(Data excerpts)
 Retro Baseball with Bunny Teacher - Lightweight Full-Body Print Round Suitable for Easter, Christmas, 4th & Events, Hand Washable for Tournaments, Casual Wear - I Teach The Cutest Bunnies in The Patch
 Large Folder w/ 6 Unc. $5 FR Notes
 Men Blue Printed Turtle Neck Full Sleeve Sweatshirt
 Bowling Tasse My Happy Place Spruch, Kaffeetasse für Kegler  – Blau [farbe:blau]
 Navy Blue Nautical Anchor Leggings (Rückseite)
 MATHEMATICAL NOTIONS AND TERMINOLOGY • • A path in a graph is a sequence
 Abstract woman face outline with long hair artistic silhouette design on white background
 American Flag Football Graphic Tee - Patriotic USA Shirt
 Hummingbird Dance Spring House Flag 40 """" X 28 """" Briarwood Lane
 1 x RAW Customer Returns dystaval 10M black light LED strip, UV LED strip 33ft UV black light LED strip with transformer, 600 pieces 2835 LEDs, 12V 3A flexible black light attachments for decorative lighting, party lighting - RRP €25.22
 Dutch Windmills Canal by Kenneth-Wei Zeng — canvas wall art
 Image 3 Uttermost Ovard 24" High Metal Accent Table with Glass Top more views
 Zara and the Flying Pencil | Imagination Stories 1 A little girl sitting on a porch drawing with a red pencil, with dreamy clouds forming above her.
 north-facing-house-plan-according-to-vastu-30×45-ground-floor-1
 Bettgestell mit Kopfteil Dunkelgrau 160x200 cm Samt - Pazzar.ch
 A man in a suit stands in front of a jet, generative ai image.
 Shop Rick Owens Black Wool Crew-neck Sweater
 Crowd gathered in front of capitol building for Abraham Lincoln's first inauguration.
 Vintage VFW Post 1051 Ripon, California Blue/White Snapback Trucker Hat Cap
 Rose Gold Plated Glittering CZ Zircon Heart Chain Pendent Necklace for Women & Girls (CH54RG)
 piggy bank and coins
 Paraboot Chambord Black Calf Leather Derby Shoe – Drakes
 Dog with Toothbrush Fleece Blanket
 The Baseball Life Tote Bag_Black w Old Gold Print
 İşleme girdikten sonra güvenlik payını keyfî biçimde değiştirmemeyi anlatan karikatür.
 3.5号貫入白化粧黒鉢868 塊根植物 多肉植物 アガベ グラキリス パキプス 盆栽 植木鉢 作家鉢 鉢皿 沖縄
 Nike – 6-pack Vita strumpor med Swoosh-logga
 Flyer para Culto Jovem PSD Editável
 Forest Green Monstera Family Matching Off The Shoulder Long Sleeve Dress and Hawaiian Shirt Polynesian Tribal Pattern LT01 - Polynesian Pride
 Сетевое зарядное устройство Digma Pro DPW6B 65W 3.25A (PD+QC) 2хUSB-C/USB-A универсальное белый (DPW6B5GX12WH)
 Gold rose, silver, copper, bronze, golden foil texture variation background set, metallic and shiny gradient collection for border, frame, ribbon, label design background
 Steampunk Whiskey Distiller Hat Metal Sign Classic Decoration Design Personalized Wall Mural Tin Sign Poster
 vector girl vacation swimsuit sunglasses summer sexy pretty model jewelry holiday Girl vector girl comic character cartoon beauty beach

# Assignment:
The response must hold only the lines above from the line with "MATHEMATICAL NOTIONS AND" through the line with "piggy bank and coins", each copied exactly, both ends kept.

# Written solution:
 MATHEMATICAL NOTIONS AND TERMINOLOGY • • A path in a graph is a sequence
 Abstract woman face outline with long hair artistic silhouette design on white background
 American Flag Football Graphic Tee - Patriotic USA Shirt
 Hummingbird Dance Spring House Flag 40 """" X 28 """" Briarwood Lane
 1 x RAW Customer Returns dystaval 10M black light LED strip, UV LED strip 33ft UV black light LED strip with transformer, 600 pieces 2835 LEDs, 12V 3A flexible black light attachments for decorative lighting, party lighting - RRP €25.22
 Dutch Windmills Canal by Kenneth-Wei Zeng — canvas wall art
 Image 3 Uttermost Ovard 24" High Metal Accent Table with Glass Top more views
 Zara and the Flying Pencil | Imagination Stories 1 A little girl sitting on a porch drawing with a red pencil, with dreamy clouds forming above her.
 north-facing-house-plan-according-to-vastu-30×45-ground-floor-1
 Bettgestell mit Kopfteil Dunkelgrau 160x200 cm Samt - Pazzar.ch
 A man in a suit stands in front of a jet, generative ai image.
 Shop Rick Owens Black Wool Crew-neck Sweater
 Crowd gathered in front of capitol building for Abraham Lincoln's first inauguration.
 Vintage VFW Post 1051 Ripon, California Blue/White Snapback Trucker Hat Cap
 Rose Gold Plated Glittering CZ Zircon Heart Chain Pendent Necklace for Women & Girls (CH54RG)
 piggy bank and coins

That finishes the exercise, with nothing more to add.